Saturday, October 3, 2009
The Road To Los Arcos
After the hearty breakfast and light sleep I set out around 7:30 am just as the light was painting the eastern skies in soft purples changing to golds. I found my way out of town and soon I was making good strides along the mostly very pleasant pathways. - It was cloudy, and the sun never really truly broke through, so I even had to put on my headband to protect my ears for the cool breeze.
I saw lots of birds this morning, and I am really looking forward to be able to identify some of all the birds I have seen along the Camino, when I am able to get my hands on a birdbook. It´s way too heavy to carry along, so I am doing my best to remember the markings of the birds I see.
I walked past the Finnish ladies and they past me a few times - they were both suffering from a cold, so they had to take some rest stops.
It seemed like the time just flew by, and I reached Los Arcos by 11 am. - I looked at the auberges as I came in to town, stopped to buy bread at the open panederia, just in case I would not be able to find a open restaurant, it being Sunday.
I went back to the plaza by the church of Santa Maria, and another pilgrim from Lethuania told me I should go in and check out the church, as it was very beautiful, so I did, and he was right, it was quite fantastic - gold everywhere!
Then I found the Belgian albergue I was looking for, and could leave my backpack there until they opened at 12 Noon. I went back to the square and had a cafè con leche, and had a nice long chat with a German couple who had been on the road for over 100 days! They had travelled on foot down through France, taking their time to stop whenever the felt like it. It was nice to meet people who were not in a rush to get to the finish line, but enjoyed the journey!
Back at the albergue check-in went fast, I got a bottom bunk again, and shared the room with all guys, and among them a father and son from Israel. The son had the top bunk above me, and he was a really nice young man, but he tossed and turned all night so the whole bed was shaking! The other guys were Spanish/Basque and obviously they had not observed that it was not all male, because one of them stood buck-naked with his behind in the air, roaming through his backpack! His friends saw me, and their faces showed their shock, not to mention his embarassement when he saw me, poor guy trying to hide the vital parts with a towel that was too small to go all the way around his rather wide waist! Yes, the Camino, modesty goes out the window very soon!
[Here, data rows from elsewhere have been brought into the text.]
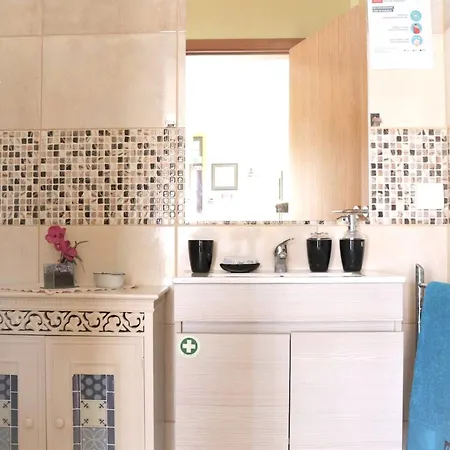 Ferienhaus Charming In With Private Pool Ponta do Sol (Madeira)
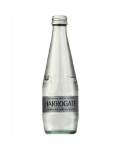 Безалкогольный напиток Харрогейт негазированная 0.33 л Mineral Water Harrogate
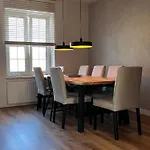 Royal Attic Luxury Old Town Appartement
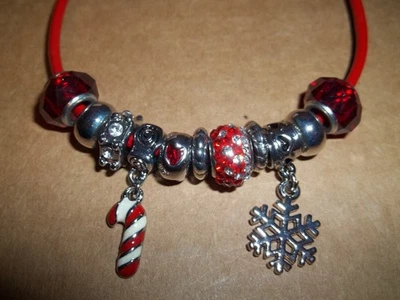Pulsera Glam and Glow Holiday Foto 1 de 3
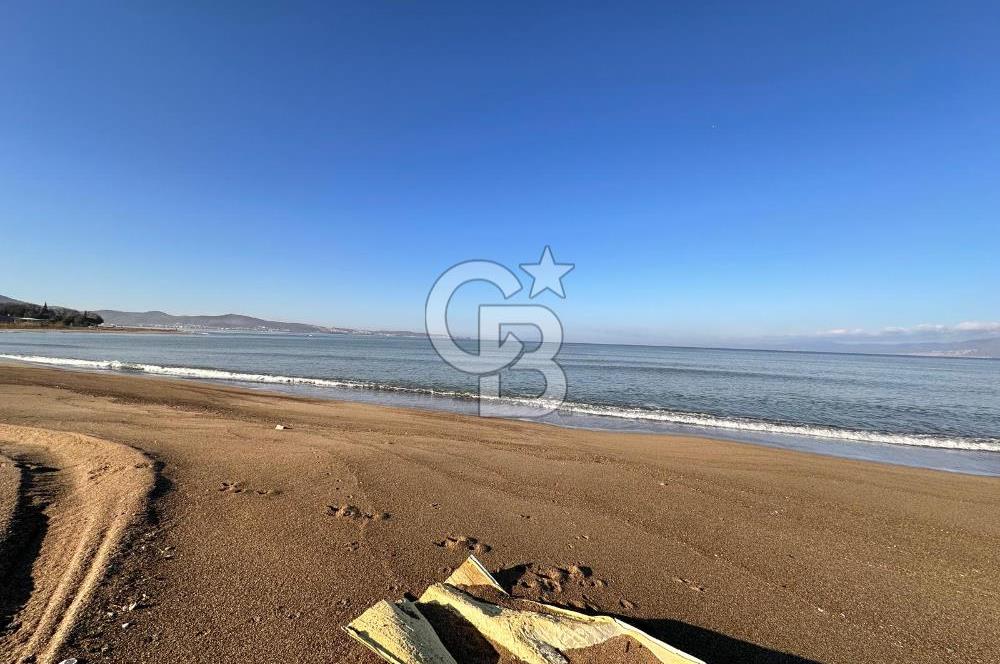 ÖREN SAHİL EN KIYMETLİ LOKASYONDA KAÇIRILMAYACAK FIRSAT ARSA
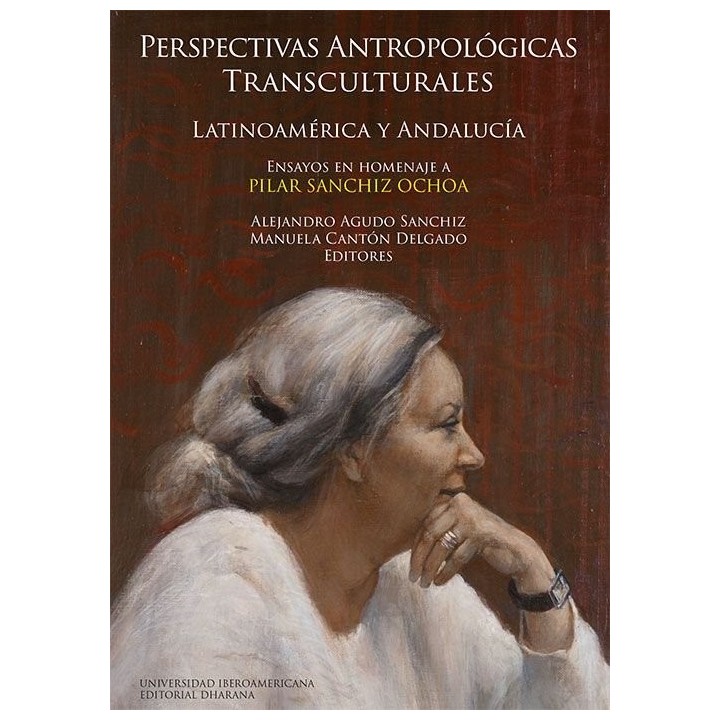 PERSPECTIVAS ANTROPOLOGICAS TRANSCULTURALES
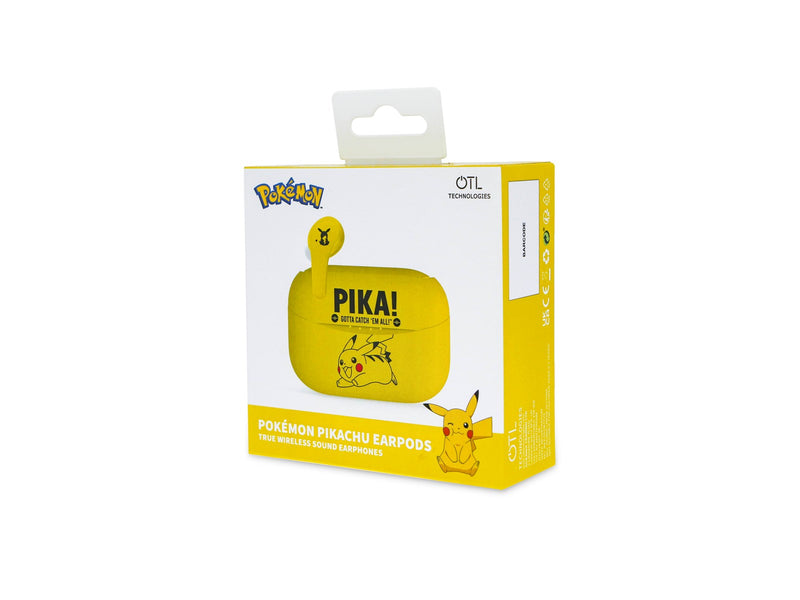 OTL Pokémon Pikachu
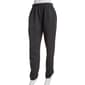 Petite Hasting & Smith Solid Sweatpants with Elastic Bottom - image 1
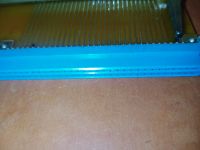 Лот: 25897459. Фото: 6. Плата с разъёмами снп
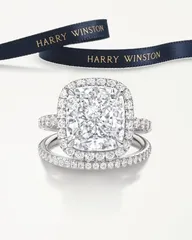 Harry Winston 2026 September Bridal Fair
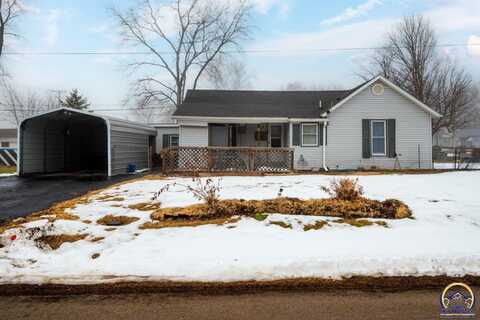 120 E Boone ST, Scranton, KS 66537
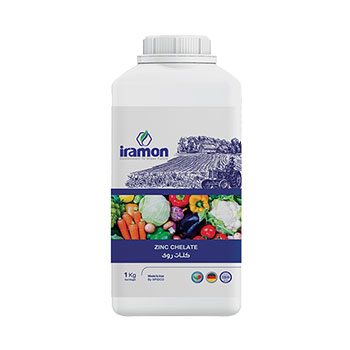 کود کلات روی ایرامون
After showering and laundry duties I went back for a glass of wine at the bar in front of the church, and then I went in for the evening service. I sat with a row of old, spanish ladies - the one next to me was really sweet, and helped me along through the service. At the end of the service the priest called all the pilgrims up to the altar for a special Pilgrim´s blessing, and the old lady nudged me to go - since I did not understand the priest´s spanish. He was very kind, and spOke to each pilgrim as he gave us a prayer in our language and said a few words to each of us - very touching. Afterwards I went back to the same bar and had the Pilgrim´s menu and sat with a nice couple from Sweden, then off to bed before the doors closed at 10 pm sharp!